We will never ‘understand’ the resurrection, just as we will never be able to stare at the sun. We can make some sense of somebody coming back from the dead but Jesus’ resurrection is much more than this. Our first experience of the resurrection is the empty tomb, that is an absence, a riddle that leaves us puzzled and confused. Whatever has happened we are not sure about its meaning or relevance – we hear about it and then seek reassurance in the routines we are familiar with, we return “to our homes”. The passages of the Gospel of John we read during the Easter period meet us precisely at this junction and step by step teach us how to become acquainted with the resurrection, that is with Jesus’ new way of being present in our midst.

Not everyone in today’s gospel returns home though. Mary stays, weeps, looks into the tomb again. She is our model of faith in the resurrection not because she understands it better than others but because she stays on, dwells with the mystery, keeps staring into the dark, bravely exposes herself to the unknown. And her perseverance is rewarded. Acknowledging Jesus’ new way of being present takes time and patience. When mysterious characters talk to her she is unfazed by their appearance. The first time she sees Jesus, she mistakes him for a gardener. She complains of her inability to grasp what is happening: “They have taken away my Lord and I do not know where they have laid him” (Jn 20.13) and “she did not know that it was Jesus” (Jn 20.14). However she holds on, stays there, keeps asking, questioning, searching – just like the persistent widow Jesus praises for keeping pestering God and wearing him out with her requests (cf. Lk 18.1-8).
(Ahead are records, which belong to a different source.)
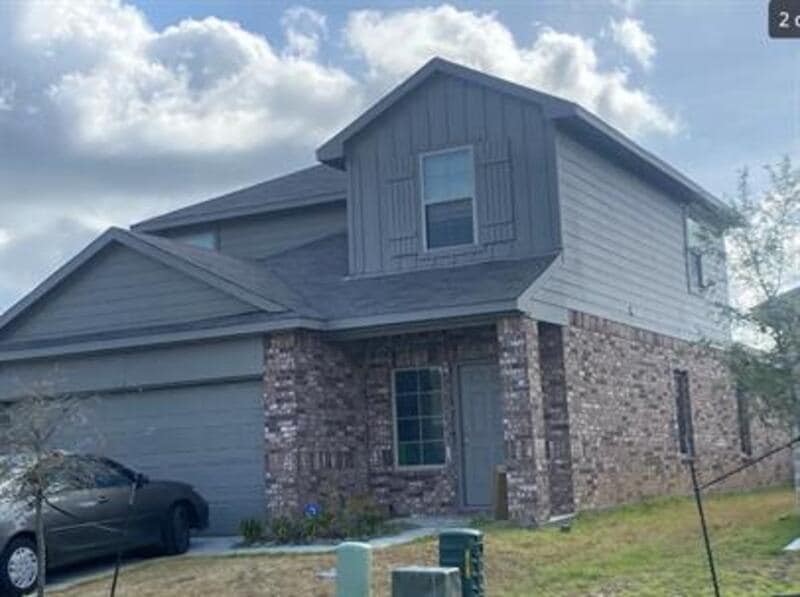 13919 Great Pnes Ct, Grangerland, TX 77302 Condo for Rent in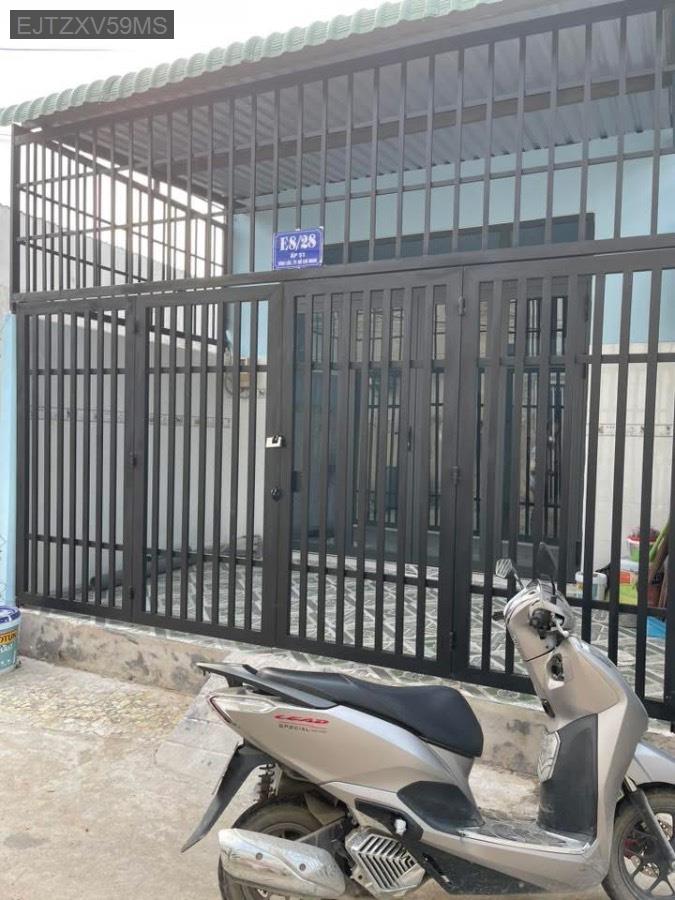 Bán nhà SHR hẻm đình Thới Hoà vào, diện tích 4.5x17. Giá 4tỷ350triệu TL - Xã Vĩnh Lộc A  -  Huyện Bình Chánh  - (ảnh - 0)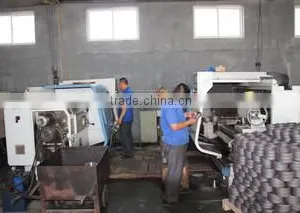 Shandong Liaocheng Lufeng Commercial And Trading Co., Ltd. company overview - view 2 thumbnail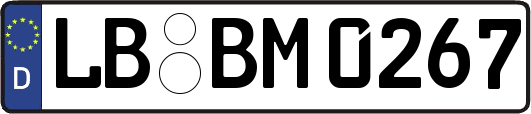 LB-BM0267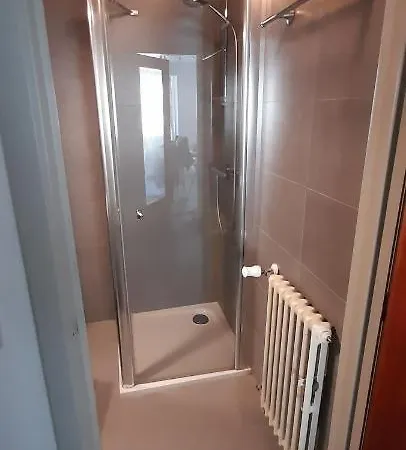 Apartman Sibeac Location Bad *
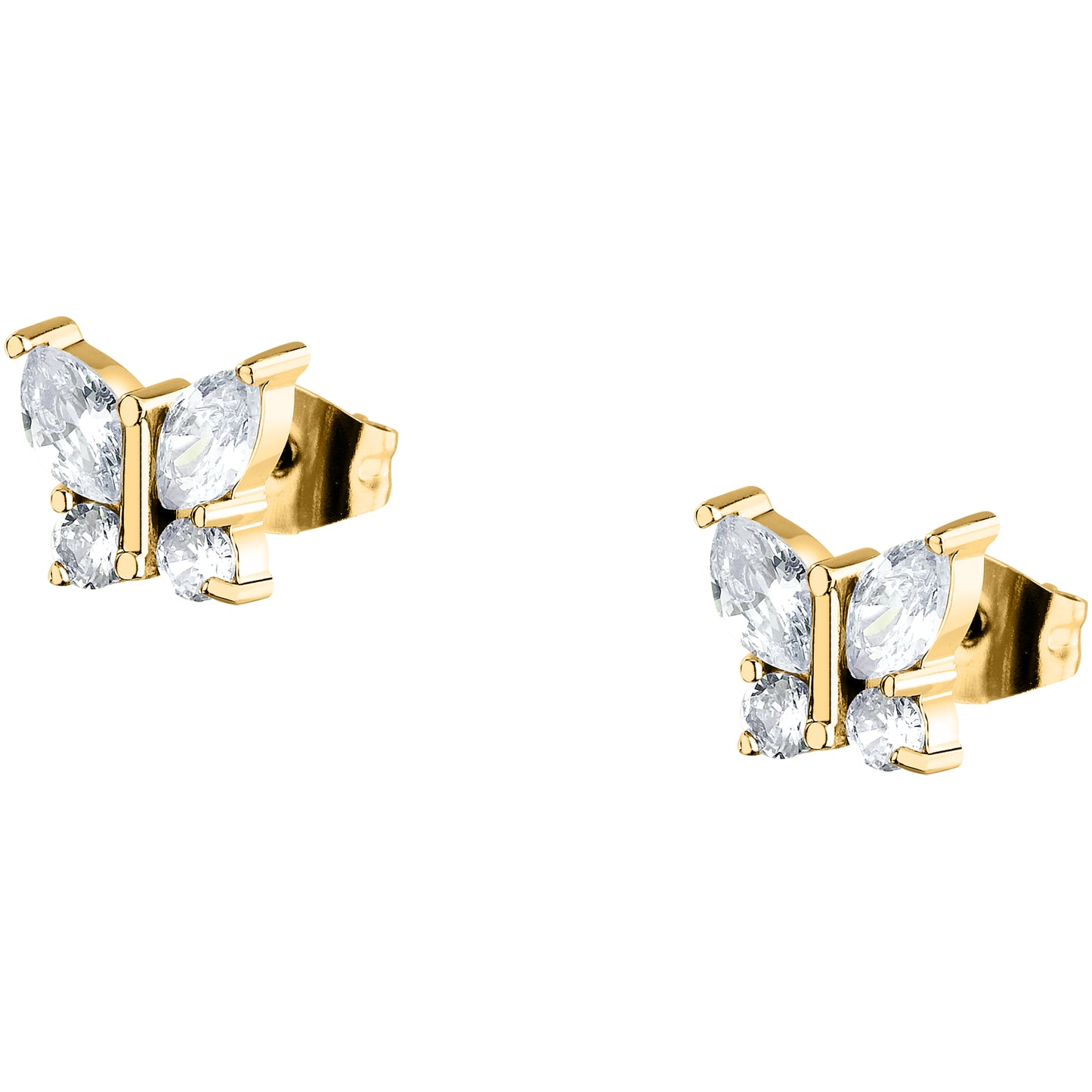 Orecchini Donna La Petite Story Friendship LPS01ARR103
John’s Gospel reveals that this is the only way to recognize the risen Christ. He has in fact been there all along, since the moment Mary first arrived at the empty tomb. He was there when the other disciples came to inspect the tomb as well, but nobody yet had eyes able to see him and hearts ready to welcome him. Mary however perseveres in her pleading and is rewarded not with a clever explanation of the empty tomb but with the new ears and the new heart able to perceive Jesus’s voice: “Mary!”. The resurrection is Jesus’s new way of being present in our midst everywhere and at any time. Our faith in the resurrection wells up from within when we discover that God is always with us and calls us by our name.